A civil war is laying waste to Wonderland now the Red Queen (Helena Bonham Carter) and her right-hand villain the Knave of Hearts (Crispin Glover) are poised to gain the upper hand over its rightful ruler, her saintly sister the White Queen (Anne Hathaway). But the sagacious Blue Caterpillar (Alan Rickman) knows only Alice can end Red's reign of terror by finding the fabled Vorpal Sword to slay the monstrous Jabberwocky (voiced by Hammer legend Christopher Lee), on the eagerly awaited Frabtuous Day. At least that's the plan, but is Alice really the legendary Alice of old? When her companions are captured by the Red Queen's knights, the all-knowing and super-sly Cheshire Cat (Stephen Fry) spirits Alice to the one person who can help her recover her "muchness", the melancholy yet mischievous Mad Hatter (Johnny Depp).

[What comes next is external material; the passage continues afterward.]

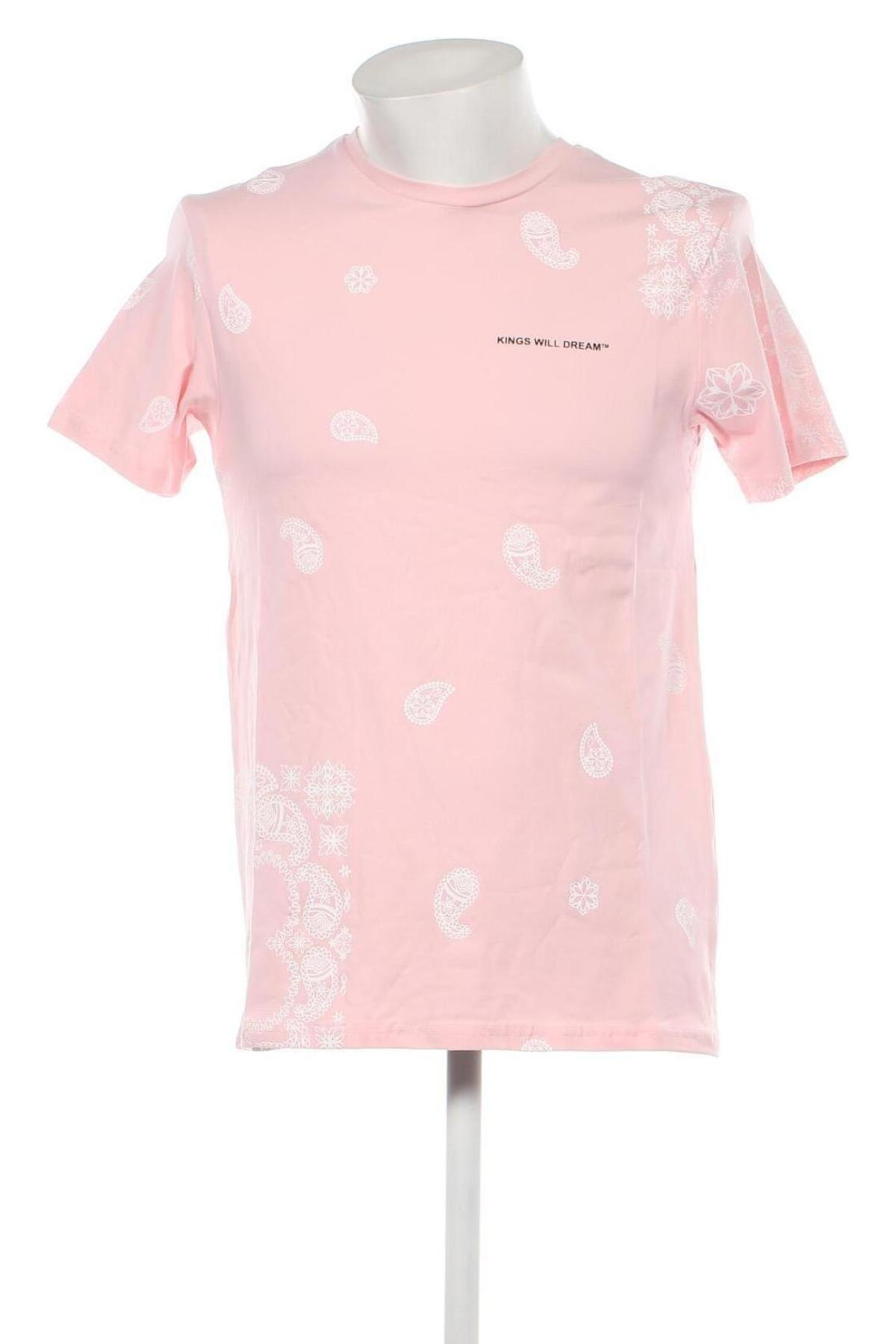 Ανδρικό t-shirt Kings will Dream, Μέγεθος S, Χρώμα Ρόζ , Τιμή 5,83 €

There have been close to twenty-six different adaptations of Alice in Wonderland, including Disney's own 1951 animated feature, Jonathan Miller's atmospheric 1966 Jungian interpretation and Jan Svankmajer's eerie stop-motion version from 1990. Almost all have their merits, but filmmakers face a daunting task given Carroll's story is episodic in nature and runs on its own internal logic that defies conventional storytelling. While moviegoers wholeheartedly embraced Burton's effects-laden extravaganza, critics took screenwriter Linda Woolverton to task for supposedly meddling with a classic. And yet one would argue she emerges the unsung hero behind this candy-coloured fever dream of Victoriana gone bananas. Woolverton, who penned Disney's modern classic Beauty and the Beast (1991), cherry picks the most memorable and cinematic scenes from both Alice in Wonderland and Through the Looking Glass and fashions them into a compelling fantasy adventure/coming of age fable wherein about a girl learning to take charge of her own destiny and power as a young woman.

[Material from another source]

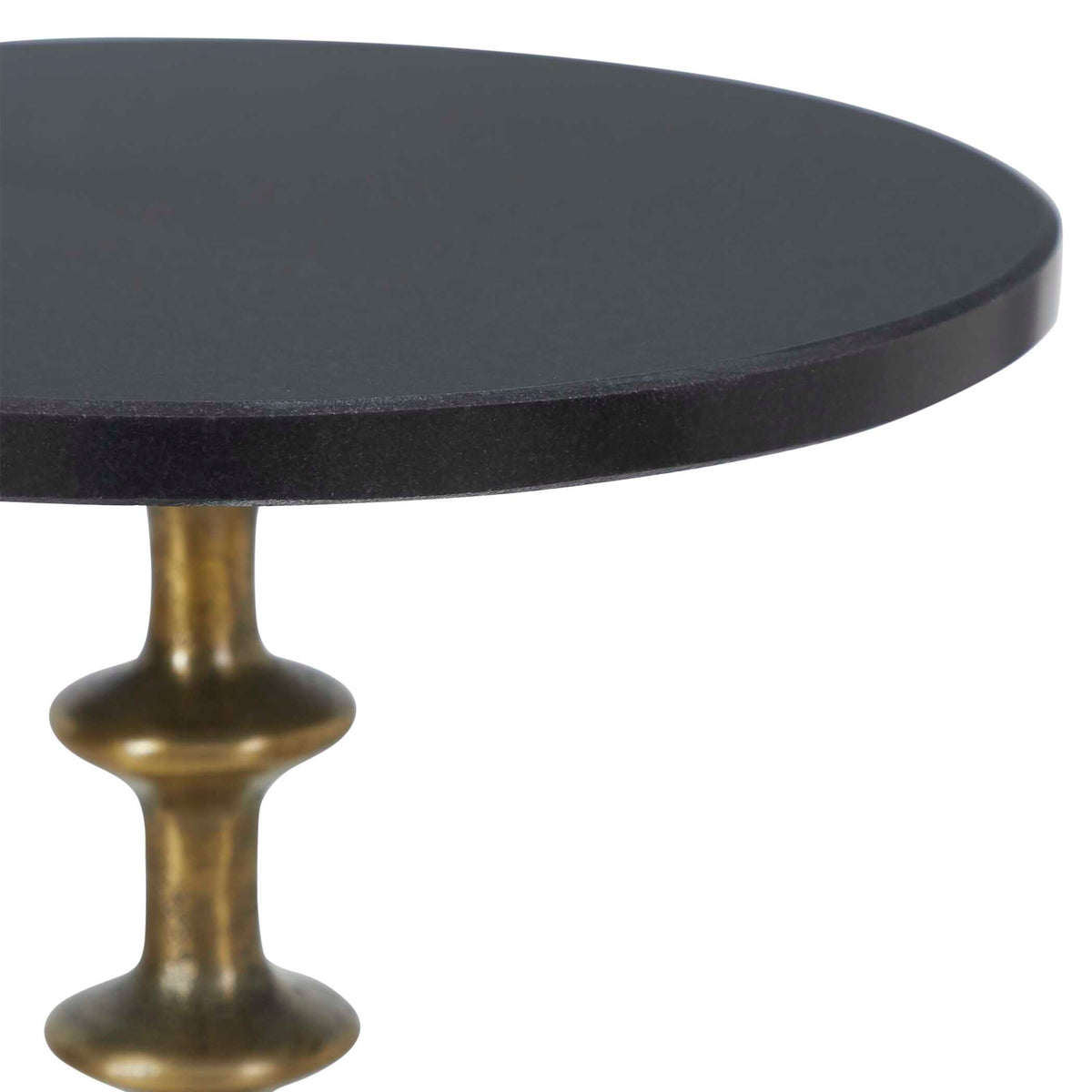 Maplewick Round Brass Marble Pedestal Table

In Alice's own words she has gone through life being "told what she must do and who she must be." Burton and Woolverton capture the essence of Carroll's vision by ensuring Wonderland embodies Alice's unfettered imagination, her subconscious rebellion against the constrictions of staid Victorian England. An England where her mother (Lindsay Duncan) insists she marry for money, her sister (Jemma Powell) fails to notice her husband (John Hopkins) is a philanderer and their dotty spinster aunt (Frances de la Tour) whiles away the day dreaming of a suitor who will never arrive. The feminist subtext is not overstated but hinges on the deft metaphor of a butterfly emerging from its chrysalis, while the fantastical journey is all about giving Alice the tools to psychologically size up her "real world" opponents.

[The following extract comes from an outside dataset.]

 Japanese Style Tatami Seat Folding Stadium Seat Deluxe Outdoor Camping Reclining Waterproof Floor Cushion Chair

Surrounded by cast of lively CG creations voiced by quality British character actors, newcomer Mia Wasikowska nicely underplays Alice and stresses her quiet strength of character, as when she touchingly tells the Hatter: "You are bonkers... but all the best people are." No simpering ingenue, Alice has grown into a redoubtable young woman with penetrating wit and a knack for befriending monsters with kindness. The script deepens her relationship with the Mad Hatter. Looking like some mad fusion of Ziggy Stardust and Ken Dodd (and I mean that as a compliment), Johnny Depp is off-the-wall with his CG eyeballs, an accent that deliberately switches between tweedy English and angry Scot and some zany dance moves but at other moments, surprisingly affecting. His schizoid Hatter is both swashbuckling wit and a tragicomic figure lamenting his lost sanity, while that Scottish burr adds weight to his recitation of Carroll's Jabberwocky poem.

While Woolverton's script keeps up a fantastic pace with witty dialogue, Burton pulls off all those famous scenes - Alice's gravity-defying tumble down the rabbit hole, the Hatter's tea party, the Red Queen's croquet game, her chess-styled face-off with the White Queen, the battle with the Jabberwocky - magnificently. Cinematographer Dariusz Wolski and effects maestro Ken Ralston aid Burton in fashioning a dense, sumptuous Wonderland that overflows with some truly amazing (and rather imposing) Carrollian creatures, especially the Bandersnatch and Jabberwocky plus the Red and White knights styled like Japanese samurai robots.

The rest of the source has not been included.